Si el pasaje de ida y vuelta costaba un colón per cápita, es posible que hayamos andado unos centavitos de holgura, quizá veinte o treinta más. No puedo acordarme de los números, por supuesto, pero sí retengo que con los pases de Aserrí, más ese poquillo adicional,  daba para un montón de naranjas. Acordamos irnos a pie hasta San José, y empezamos a bajar naranjas. Uno se subía al árbol y el otro apañaba las que el mono tiraba.
Seguro que la doña ni contó cuántas cogimos. Lo que sí es cierto (lo estoy viendo) es que las dos suetas fungieron de repente como hatillos. No las llevábamos al extremo de una varilla,  sino que agarradas de las mangas, a la espalda. Cada uno con una veintena de preciosas esferas anaranjadas (exagero: las naranjas en Costa Rica no son tan anaranjadas), olorosas a tonto. No sé por qué, pero un amigo –años después – dijo en cierta ocasión que las naranjas huelen a tonto. Yo pregunté la causa y me respondió: ¡porque los tontos se untan todos cuando comen naranjas! Una de esas babosadas que después no se olvidan.

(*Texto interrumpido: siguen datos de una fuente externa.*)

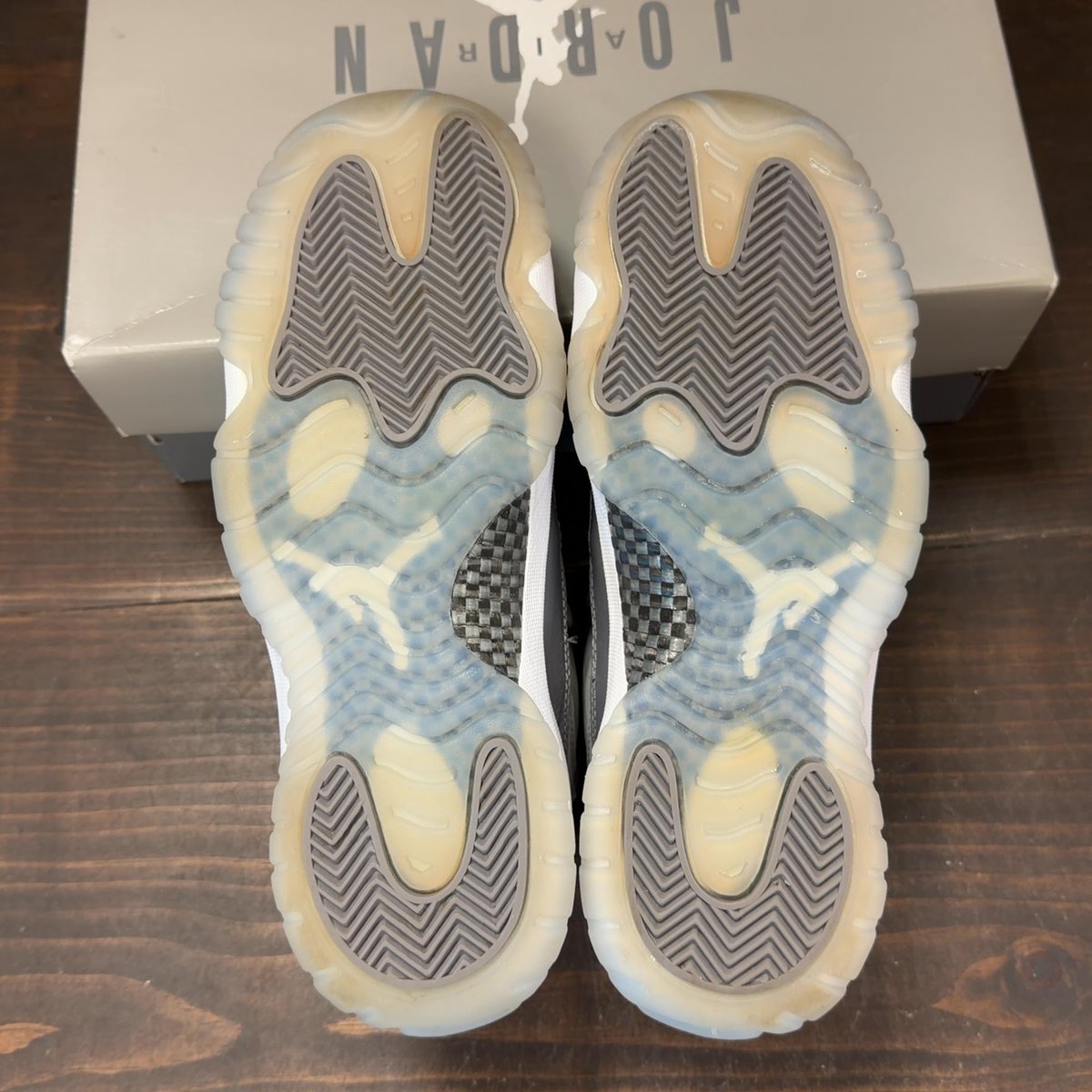 Jordan 11 Retro Cool Grey (2021) (GS) Size 7Y (Pre-Owned) - aux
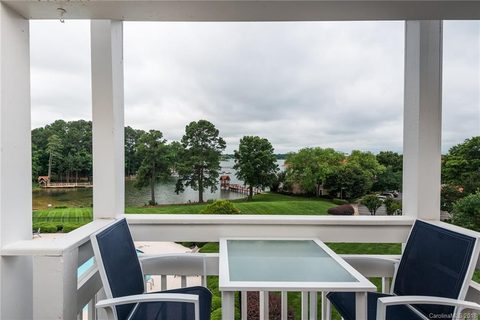17919 Kings Point Drive I sold home in Kings Point Marina, Cornelius, NC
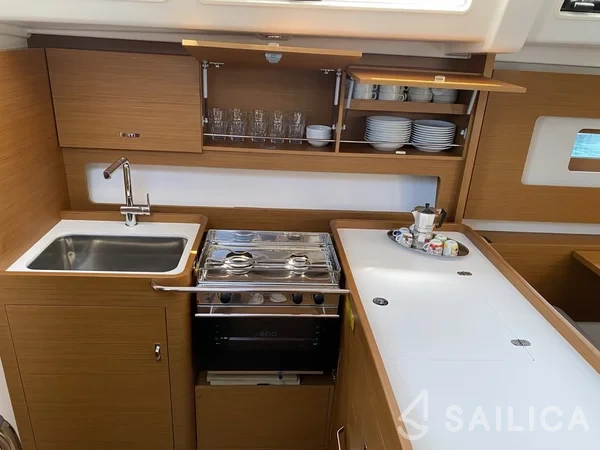 First 44 - Yacht Charter Sailica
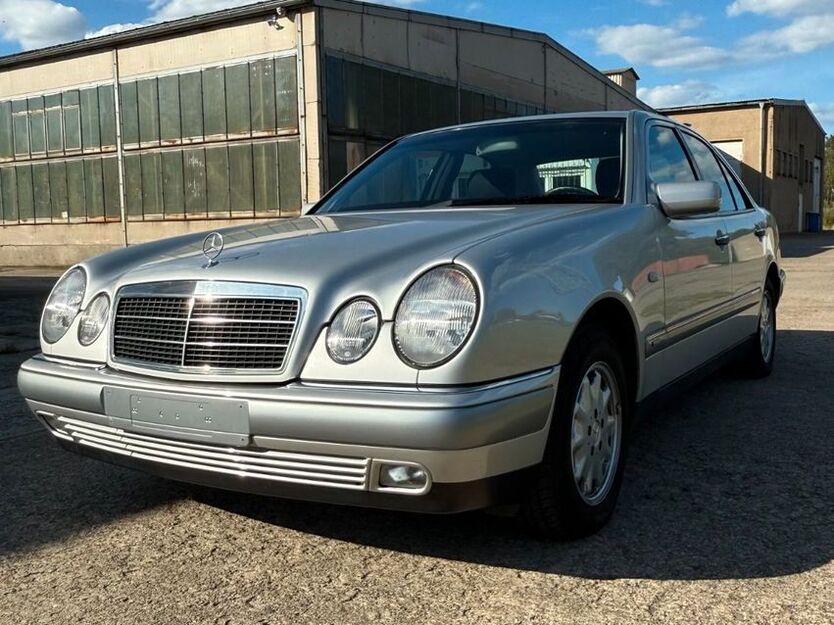 E 200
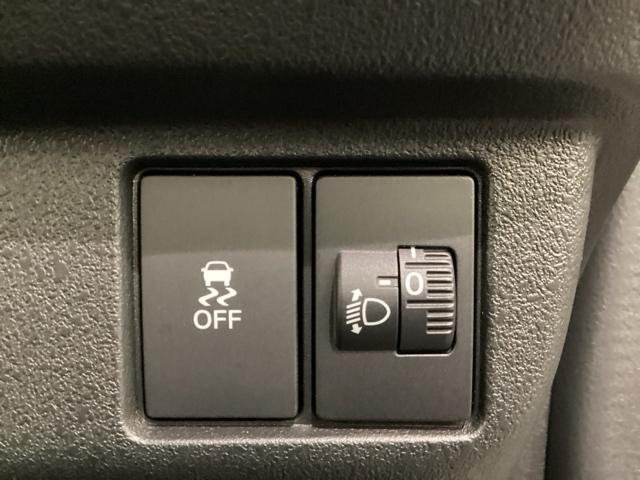 N-BOXカスタム ターボコーディネートスタイル 中古スタッドレスタイヤ、純正メモリーナビ、ドライブレコーダー前後装着+ETC付 当社デモカー(21枚目)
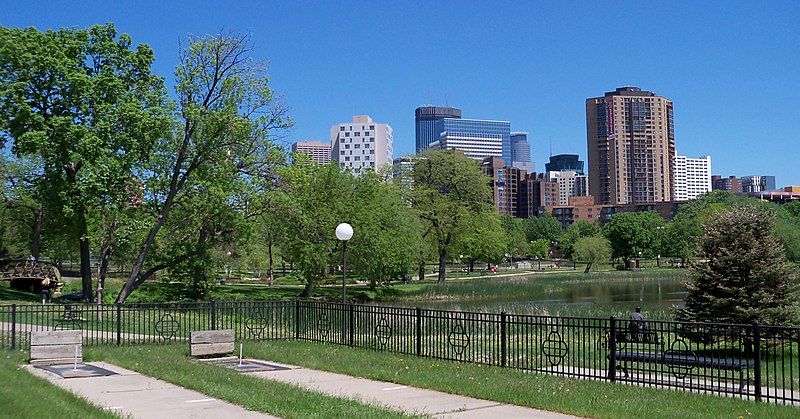 File:Loring Park - panoramio.jpg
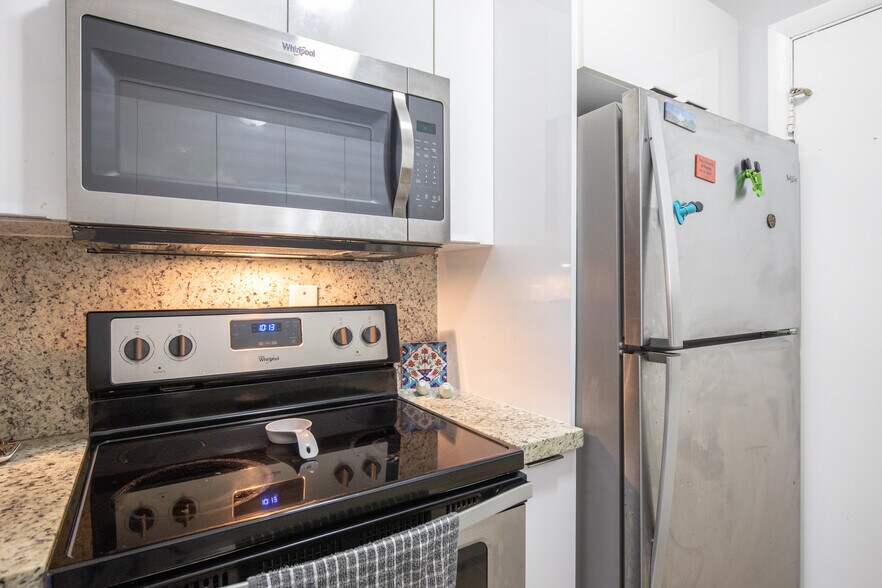 More Photos Of 13201 Memorial Hwy, North Miami Apartments For Sale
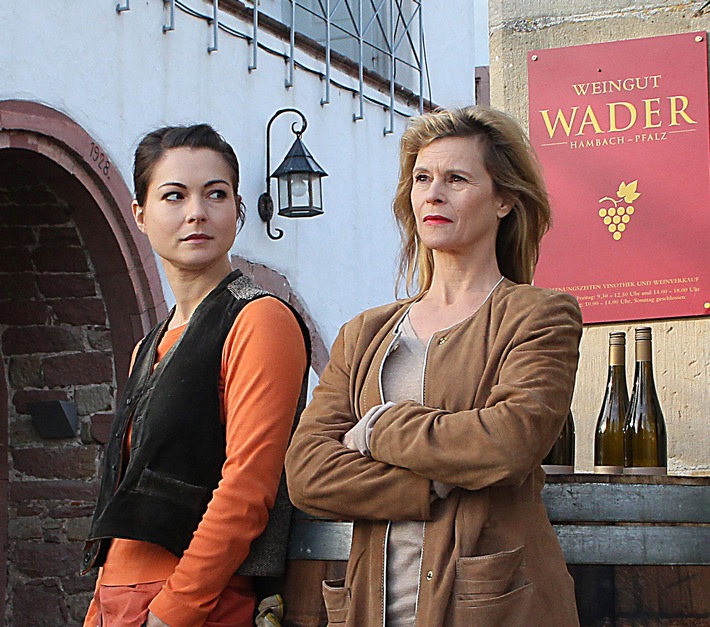 Das Erste / "Endlich Freitag im Ersten": Am 2. November öffnet das "Weingut Wader" seine Pforten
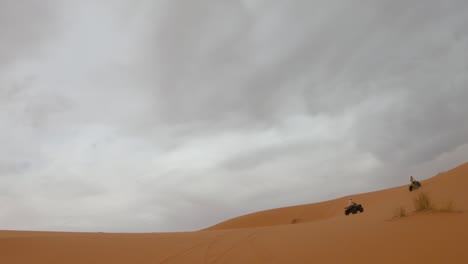 在霧<unk>的日子里在沙漠里騎四輪車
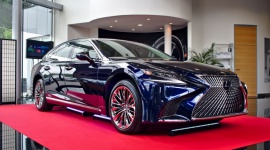 Nowy Lexus LS LIFESTYLE, Motoryzacja - Nowy Lexus LS jest już w Polsce, a klienci składają pierwsze zamówienia na piątą generację tego flagowego sedana. Ceny modelu zaczynają się od 490 tys. zł. Warszawska premiera nowego LS miała miejsce wczoraj wieczorem w salonie Lexus Żerań.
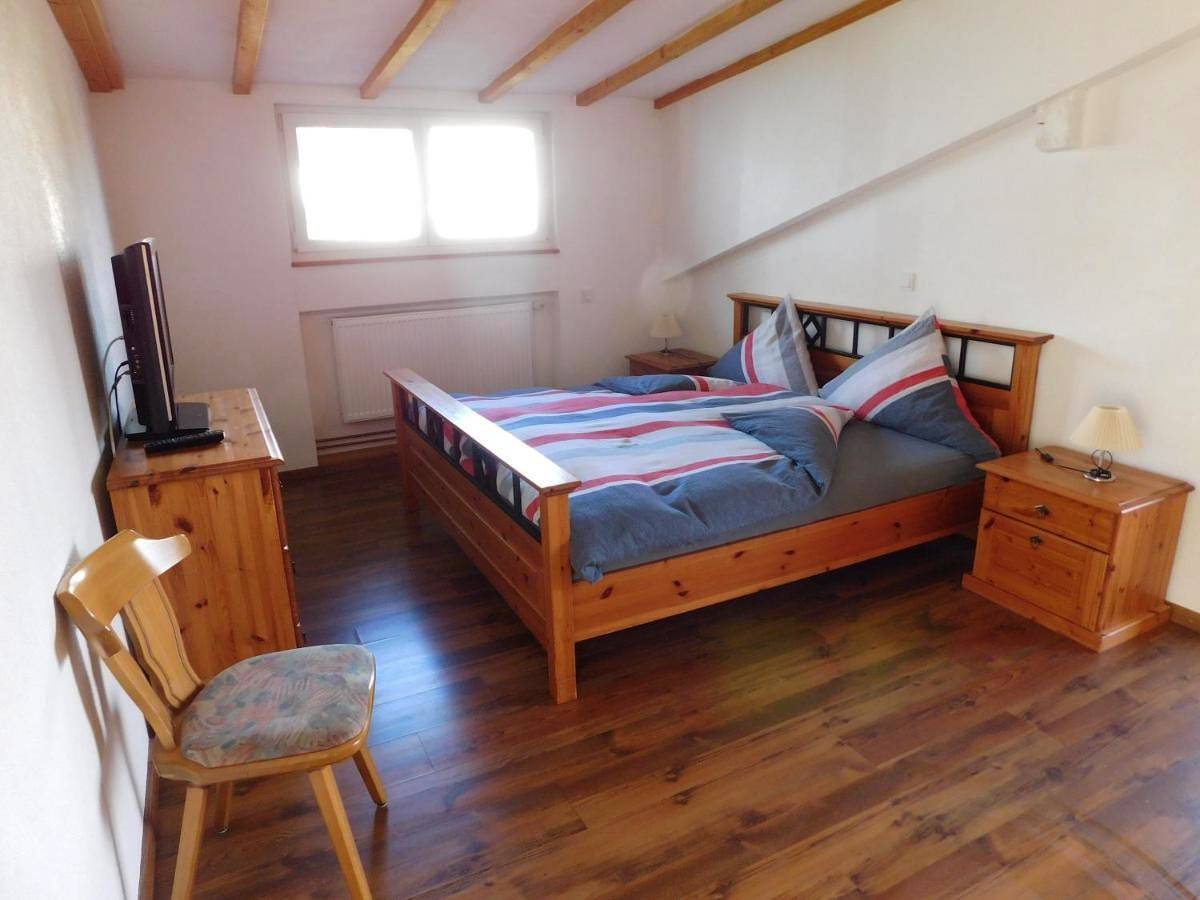 Three-Bedroom House in Bodman-Ludwigshafen, Obersee (Bodensee)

¡Con qué facilidad toma uno, a los diez años, la decisión de gastar “los pases” en naranjas! Me río mientras lo escribo. Me río porque la felicidad que predominó aquella tarde mientras bajábamos hacia Desamparados, y luego de ahí hacíamos el trecho hacia la capital, aún está ahí, intacta, dándole un buen platillo a mi memoria.
Lo mejor de todo es que no tengo el recuerdo de que me doliera la espalda, de que se me hicieran ampollas en los pies o de que mi madre me regañara a la vuelta por haber tardado tanto en el paseo. Es más, no recuerdo qué pasó con las naranjas, qué me dijeron cuando me vieron entrar con el cargamento a la espalda, si la hazaña tuvo reconocimiento.
Lo que sí tengo fresco, y quizá ahora más que antes (esas compensaciones que parece ir teniendo mi joven vejez) es la imagen continua, estirada como un larguísimo tobogán hecho con la luz de la tarde, del camino de vuelta hacia San José.
Me suelen decir cuando me pongo medio nostálgico que entonces no había tal Arcadia, que la idealización está en uno, que si pudiera regresar en el tiempo lo vería todo muy distinto. Yo estaría de acuerdo, en principio, y parece lógico. Pero nada logrará que yo borre del recuerdo las sensaciones de ese trayecto. Había verdor por todas partes. Cafetales a diestra y siniestra, casas separadas su trecho una de la otra salvo, claro está, al llegar al siguiente barrio: San Rafael abajo, Juncales, San Francisco, la Y Griega.
Había, hubo, zacatales a la orilla del camino, ojalá una piedra grande esperándonos para hacer una pausa. ¿Cuántas naranjas nos comimos de camino? ¿A quién le hablamos? ¿Cuánto duramos en llegar hasta el parque Morazán, de donde salían los buses de Guadalupe y Moravia? ¿Cuántos habrán comentado “pobrecitos esos chiquitos, cargando esas naranjas”?
Será cuestión, supongo de volver un día de estos a la Piedra de Aserrí. Capaz que me los topo, a esos dos chiquitos, y les doy un beso en la frente a cada uno.